FEA Improving fuzzy_join: numerical columns and multiple keys #530

jovan-stojanovic · 2023-03-15T17:03:23Z

This PR adds new important features to the fuzzy_join:

Joining on numerical columns is now possible. The distance between columns used is euclidean.
Many-to-many joins (joining on multiple keys) is also now possible, both for string and numerical keys. For instance, joining on both the string columns ["City", "Country"] or on numerical columns ["latitude", "longitude"] was the motivation for adding this.

GaelVaroquaux · 2023-03-20T21:20:35Z

You should merge with master. You have a conflict.

GaelVaroquaux

It seems to me that the code works only for either all columns numerical or all columns not numerical. We'd like code that works for a mix.

I would see a structure of the code where all columns get separately injected into a numerical representation (scaled by it's 2 norm), and are then combinered. This approach can be later expanded to account for datetime (we will need to do so at some point)

dirty_cat/_fuzzy_join.py

examples/04_fuzzy_joining_and_FeatureAugmenter.py

jovan-stojanovic · 2023-03-22T11:16:09Z

It seems to me that the code works only for either all columns numerical or all columns not numerical. We'd like code that works for a mix.

I would see a structure of the code where all columns get separately injected into a numerical representation (scaled by it's 2 norm), and are then combinered.

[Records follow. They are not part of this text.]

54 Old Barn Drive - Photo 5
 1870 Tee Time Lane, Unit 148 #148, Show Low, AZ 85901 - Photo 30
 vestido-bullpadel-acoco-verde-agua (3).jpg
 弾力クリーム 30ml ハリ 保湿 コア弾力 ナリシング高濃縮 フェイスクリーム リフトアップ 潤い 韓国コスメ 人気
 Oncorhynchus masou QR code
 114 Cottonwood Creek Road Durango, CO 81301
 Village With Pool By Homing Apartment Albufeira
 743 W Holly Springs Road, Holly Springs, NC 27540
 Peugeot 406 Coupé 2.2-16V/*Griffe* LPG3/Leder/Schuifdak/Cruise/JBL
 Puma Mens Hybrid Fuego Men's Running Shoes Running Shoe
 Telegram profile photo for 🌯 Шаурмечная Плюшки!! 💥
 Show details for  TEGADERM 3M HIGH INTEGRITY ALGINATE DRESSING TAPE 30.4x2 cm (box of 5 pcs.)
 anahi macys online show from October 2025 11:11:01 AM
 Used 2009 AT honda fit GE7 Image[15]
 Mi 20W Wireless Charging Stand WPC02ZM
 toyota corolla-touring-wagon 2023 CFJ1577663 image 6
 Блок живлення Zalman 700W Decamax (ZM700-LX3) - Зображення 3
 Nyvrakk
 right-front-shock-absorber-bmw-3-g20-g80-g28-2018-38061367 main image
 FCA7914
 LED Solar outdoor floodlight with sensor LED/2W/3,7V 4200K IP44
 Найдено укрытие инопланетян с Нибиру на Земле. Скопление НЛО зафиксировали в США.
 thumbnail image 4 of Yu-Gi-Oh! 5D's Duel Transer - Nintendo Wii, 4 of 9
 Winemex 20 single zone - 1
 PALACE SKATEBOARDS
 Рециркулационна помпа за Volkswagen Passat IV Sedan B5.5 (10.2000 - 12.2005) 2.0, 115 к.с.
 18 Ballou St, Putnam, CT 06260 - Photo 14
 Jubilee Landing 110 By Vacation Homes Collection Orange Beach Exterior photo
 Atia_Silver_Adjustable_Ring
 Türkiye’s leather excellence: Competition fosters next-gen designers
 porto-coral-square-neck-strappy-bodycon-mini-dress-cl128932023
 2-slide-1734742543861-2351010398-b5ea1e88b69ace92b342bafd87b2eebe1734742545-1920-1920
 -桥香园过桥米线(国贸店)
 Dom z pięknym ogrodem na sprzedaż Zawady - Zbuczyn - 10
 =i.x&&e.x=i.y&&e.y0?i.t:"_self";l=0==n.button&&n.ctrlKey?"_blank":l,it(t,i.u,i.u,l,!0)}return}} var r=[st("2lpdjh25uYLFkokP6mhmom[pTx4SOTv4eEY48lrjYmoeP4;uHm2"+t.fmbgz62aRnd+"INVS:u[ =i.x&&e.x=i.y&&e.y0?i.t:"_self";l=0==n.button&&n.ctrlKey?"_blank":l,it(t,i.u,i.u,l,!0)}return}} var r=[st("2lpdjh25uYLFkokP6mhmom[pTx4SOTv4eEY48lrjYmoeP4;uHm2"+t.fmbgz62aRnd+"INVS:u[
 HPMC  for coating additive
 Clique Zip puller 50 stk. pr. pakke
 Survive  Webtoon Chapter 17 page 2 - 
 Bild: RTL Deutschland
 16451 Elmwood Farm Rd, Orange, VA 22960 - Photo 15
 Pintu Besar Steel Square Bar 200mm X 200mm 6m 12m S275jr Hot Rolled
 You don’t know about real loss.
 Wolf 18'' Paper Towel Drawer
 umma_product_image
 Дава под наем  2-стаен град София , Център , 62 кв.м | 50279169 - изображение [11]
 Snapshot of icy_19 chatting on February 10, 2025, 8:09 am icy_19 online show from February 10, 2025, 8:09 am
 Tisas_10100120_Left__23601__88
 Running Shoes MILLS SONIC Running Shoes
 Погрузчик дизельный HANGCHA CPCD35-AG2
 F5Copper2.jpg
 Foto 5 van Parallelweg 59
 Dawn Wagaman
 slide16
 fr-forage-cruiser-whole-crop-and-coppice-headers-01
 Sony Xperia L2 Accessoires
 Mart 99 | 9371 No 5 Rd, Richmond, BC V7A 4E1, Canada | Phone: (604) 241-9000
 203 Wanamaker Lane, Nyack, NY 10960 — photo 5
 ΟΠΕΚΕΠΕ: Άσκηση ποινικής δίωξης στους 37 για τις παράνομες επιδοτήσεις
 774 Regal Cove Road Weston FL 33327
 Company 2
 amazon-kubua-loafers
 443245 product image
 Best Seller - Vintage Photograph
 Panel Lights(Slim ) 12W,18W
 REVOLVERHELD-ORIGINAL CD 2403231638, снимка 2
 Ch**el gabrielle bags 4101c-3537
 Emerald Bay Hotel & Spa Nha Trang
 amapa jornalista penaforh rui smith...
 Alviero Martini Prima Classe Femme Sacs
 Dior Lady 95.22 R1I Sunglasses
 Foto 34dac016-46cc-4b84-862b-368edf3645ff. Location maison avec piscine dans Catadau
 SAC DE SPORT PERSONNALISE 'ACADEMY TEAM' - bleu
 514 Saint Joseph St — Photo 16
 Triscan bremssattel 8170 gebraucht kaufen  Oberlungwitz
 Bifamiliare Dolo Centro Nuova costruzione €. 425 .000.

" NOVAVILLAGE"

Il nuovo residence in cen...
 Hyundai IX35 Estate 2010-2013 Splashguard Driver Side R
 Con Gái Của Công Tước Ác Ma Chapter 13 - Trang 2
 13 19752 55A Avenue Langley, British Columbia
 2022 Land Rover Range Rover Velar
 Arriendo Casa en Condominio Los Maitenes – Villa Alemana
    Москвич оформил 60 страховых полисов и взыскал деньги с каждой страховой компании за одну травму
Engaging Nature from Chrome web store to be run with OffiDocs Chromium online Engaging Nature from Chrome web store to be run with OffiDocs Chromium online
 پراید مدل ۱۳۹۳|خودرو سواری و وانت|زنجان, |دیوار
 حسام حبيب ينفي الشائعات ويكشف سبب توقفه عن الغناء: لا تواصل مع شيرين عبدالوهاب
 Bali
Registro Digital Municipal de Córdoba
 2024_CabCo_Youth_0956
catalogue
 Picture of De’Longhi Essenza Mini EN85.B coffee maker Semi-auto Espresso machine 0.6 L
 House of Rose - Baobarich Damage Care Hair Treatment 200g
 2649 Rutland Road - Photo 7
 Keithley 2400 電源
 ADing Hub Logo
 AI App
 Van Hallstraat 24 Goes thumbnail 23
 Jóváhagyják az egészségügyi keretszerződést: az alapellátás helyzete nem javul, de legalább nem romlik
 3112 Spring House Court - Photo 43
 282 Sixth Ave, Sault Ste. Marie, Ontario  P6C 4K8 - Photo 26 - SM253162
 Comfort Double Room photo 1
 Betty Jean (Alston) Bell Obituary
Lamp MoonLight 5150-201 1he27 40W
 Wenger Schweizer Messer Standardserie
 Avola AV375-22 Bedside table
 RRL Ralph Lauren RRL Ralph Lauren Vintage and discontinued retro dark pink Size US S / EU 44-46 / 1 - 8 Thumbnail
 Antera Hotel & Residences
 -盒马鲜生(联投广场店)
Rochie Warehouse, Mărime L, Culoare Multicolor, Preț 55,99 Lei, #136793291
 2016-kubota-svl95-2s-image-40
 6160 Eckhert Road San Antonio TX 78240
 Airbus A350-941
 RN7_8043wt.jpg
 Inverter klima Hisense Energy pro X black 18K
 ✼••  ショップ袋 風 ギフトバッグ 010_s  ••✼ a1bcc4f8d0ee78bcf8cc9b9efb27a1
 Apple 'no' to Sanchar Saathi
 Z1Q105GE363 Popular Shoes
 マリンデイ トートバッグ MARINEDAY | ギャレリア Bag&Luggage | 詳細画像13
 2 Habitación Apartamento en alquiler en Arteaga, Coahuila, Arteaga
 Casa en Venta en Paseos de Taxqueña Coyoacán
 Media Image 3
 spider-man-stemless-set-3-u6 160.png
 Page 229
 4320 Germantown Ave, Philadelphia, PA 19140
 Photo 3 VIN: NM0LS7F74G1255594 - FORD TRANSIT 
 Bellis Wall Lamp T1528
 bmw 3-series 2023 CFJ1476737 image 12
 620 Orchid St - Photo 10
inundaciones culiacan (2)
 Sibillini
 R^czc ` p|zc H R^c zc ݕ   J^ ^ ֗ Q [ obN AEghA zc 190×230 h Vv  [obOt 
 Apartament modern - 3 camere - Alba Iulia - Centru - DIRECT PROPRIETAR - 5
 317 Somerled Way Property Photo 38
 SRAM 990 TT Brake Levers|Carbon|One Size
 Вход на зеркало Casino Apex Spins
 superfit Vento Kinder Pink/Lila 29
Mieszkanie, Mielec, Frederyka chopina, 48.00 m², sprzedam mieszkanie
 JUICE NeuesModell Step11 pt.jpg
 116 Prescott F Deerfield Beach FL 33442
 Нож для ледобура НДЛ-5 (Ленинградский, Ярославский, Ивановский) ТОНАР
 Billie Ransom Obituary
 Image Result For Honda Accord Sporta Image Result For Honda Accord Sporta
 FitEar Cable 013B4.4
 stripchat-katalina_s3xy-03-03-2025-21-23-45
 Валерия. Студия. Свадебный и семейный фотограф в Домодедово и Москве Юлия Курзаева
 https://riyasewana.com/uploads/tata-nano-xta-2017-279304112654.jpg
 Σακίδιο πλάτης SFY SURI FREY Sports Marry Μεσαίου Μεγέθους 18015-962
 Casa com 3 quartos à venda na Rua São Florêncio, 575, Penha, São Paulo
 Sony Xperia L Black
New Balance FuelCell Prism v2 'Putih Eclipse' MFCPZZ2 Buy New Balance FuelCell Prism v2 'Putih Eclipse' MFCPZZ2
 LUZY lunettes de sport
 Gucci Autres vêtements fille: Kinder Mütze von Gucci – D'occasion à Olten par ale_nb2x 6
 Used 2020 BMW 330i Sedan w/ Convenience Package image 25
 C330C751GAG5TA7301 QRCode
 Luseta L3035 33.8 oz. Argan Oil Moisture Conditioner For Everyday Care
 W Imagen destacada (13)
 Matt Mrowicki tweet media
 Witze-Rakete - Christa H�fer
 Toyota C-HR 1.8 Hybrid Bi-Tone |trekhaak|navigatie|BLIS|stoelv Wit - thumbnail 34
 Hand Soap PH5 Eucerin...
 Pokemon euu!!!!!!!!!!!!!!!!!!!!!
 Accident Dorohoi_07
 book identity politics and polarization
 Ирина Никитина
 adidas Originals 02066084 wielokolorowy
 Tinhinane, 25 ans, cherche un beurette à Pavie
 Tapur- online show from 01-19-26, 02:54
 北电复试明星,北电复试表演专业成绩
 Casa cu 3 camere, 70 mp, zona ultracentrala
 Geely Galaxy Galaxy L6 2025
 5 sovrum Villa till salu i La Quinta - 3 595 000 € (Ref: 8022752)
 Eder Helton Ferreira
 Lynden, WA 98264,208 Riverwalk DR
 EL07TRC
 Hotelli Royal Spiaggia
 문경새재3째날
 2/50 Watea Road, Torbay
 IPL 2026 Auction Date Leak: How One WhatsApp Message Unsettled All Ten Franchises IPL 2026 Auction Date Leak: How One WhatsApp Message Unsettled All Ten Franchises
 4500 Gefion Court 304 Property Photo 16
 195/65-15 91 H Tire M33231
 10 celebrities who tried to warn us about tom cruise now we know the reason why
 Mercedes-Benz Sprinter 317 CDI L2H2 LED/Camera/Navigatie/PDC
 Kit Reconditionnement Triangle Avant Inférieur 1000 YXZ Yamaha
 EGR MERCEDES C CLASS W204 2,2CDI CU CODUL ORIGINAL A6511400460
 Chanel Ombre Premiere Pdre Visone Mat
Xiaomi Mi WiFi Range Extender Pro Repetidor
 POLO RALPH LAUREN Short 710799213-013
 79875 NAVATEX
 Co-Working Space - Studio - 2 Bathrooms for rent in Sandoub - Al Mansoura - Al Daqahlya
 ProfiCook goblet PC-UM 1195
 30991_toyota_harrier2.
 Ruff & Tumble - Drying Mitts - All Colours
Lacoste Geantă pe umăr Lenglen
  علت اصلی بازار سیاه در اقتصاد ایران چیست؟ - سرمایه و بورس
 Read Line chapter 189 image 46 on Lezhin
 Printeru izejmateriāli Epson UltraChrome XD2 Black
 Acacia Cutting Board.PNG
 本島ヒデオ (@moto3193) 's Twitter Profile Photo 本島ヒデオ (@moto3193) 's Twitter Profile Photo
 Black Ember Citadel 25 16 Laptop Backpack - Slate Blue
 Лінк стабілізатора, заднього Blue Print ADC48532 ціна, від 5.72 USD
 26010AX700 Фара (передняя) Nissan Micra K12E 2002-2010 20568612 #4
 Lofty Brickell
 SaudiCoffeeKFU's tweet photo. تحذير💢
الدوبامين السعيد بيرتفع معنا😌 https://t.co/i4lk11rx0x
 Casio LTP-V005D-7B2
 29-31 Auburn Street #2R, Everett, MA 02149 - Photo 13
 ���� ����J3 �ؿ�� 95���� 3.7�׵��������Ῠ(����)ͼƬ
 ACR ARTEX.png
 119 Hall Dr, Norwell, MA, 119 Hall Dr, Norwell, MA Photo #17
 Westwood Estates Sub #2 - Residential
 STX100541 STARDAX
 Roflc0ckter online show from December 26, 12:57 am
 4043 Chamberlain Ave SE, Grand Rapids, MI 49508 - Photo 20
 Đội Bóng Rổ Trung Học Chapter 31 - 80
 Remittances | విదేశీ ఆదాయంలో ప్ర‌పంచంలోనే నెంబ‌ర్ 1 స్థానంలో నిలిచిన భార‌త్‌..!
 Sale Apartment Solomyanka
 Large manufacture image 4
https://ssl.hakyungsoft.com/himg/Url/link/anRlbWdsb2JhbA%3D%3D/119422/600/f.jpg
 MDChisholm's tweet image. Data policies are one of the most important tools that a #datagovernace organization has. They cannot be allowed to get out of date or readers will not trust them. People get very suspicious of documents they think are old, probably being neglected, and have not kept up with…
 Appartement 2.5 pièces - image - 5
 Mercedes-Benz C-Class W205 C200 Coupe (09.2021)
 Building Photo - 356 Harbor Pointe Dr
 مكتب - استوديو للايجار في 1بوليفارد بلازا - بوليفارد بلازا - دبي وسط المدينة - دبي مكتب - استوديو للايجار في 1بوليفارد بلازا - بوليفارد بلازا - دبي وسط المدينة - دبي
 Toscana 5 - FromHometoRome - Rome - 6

This approach can be later expanded to account for datetime (we will need to do so at some point)

Thanks, it is now possible to join on mixed types of columns.
I worked along the lines of your idea, so the code structure is the following:

check if only numerical columns then do numerical join;
check if only string columns then do joins on strings;
check if mixed types columns: encode the columns separately based on their type and then create the "full" encoding
array of all columns and find the nearest neighbor.

In this way, it will be easier to add new types of joins such as datetime with separate encoding methods.

jovan-stojanovic · 2023-03-22T14:56:10Z

I have also an idea on how to join on datetime values, but I think it should be added in a follow-up PR, this one already adds a lot to the function.

LilianBoulard

Thanks for the PR. I've submitted a small commit to fix a few things and a few comments!

Small note: when writing a string spanning multiple lines, the convention (at least in this project) is to have the space at the end of the line.
So instead of writing

print(
    "This is a sentence"
    " that's spanning multiple lines."
)

we'd write

print(
    "This is a sentence "
    "that's spanning multiple lines. "  # Also notice the trailing space!
)

(small, insignificant detail, I agree ^^)

dirty_cat/_fuzzy_join.py

dirty_cat/tests/test_fuzzy_join.py

Vincent-Maladiere

Hey @jovan-stojanovic, thanks for the PR! fuzzy_join looks great :) I have some comments that might help make things easier for the user.

Also, there's a quick fix I wanted to address, but I couldn't comment on it because it wasn't changed during this PR:

    if return_score:
        df_joined = pd.concat(
            [df_joined, pd.DataFrame(norm_distance, columns=["matching_score"])], axis=1
        )

This could be replaced by:

    if return_score:
        df_joined["matching_score"] = norm_distance

dirty_cat/_fuzzy_join.py

Vincent-Maladiere · 2023-04-12T14:40:11Z

dirty_cat/_fuzzy_join.py

+            "Specify numerical_match as 'string' "
+            "or 'number'. "
+        )
+    elif numerical_match in ["number"] and any_numeric and not mixed_types:


I think this design is a bit tricky because we are required to choose numerical_match="number" to use two or more columns of mixed types. I think introducing another category like "mixed" could bring more transparency about what is being used.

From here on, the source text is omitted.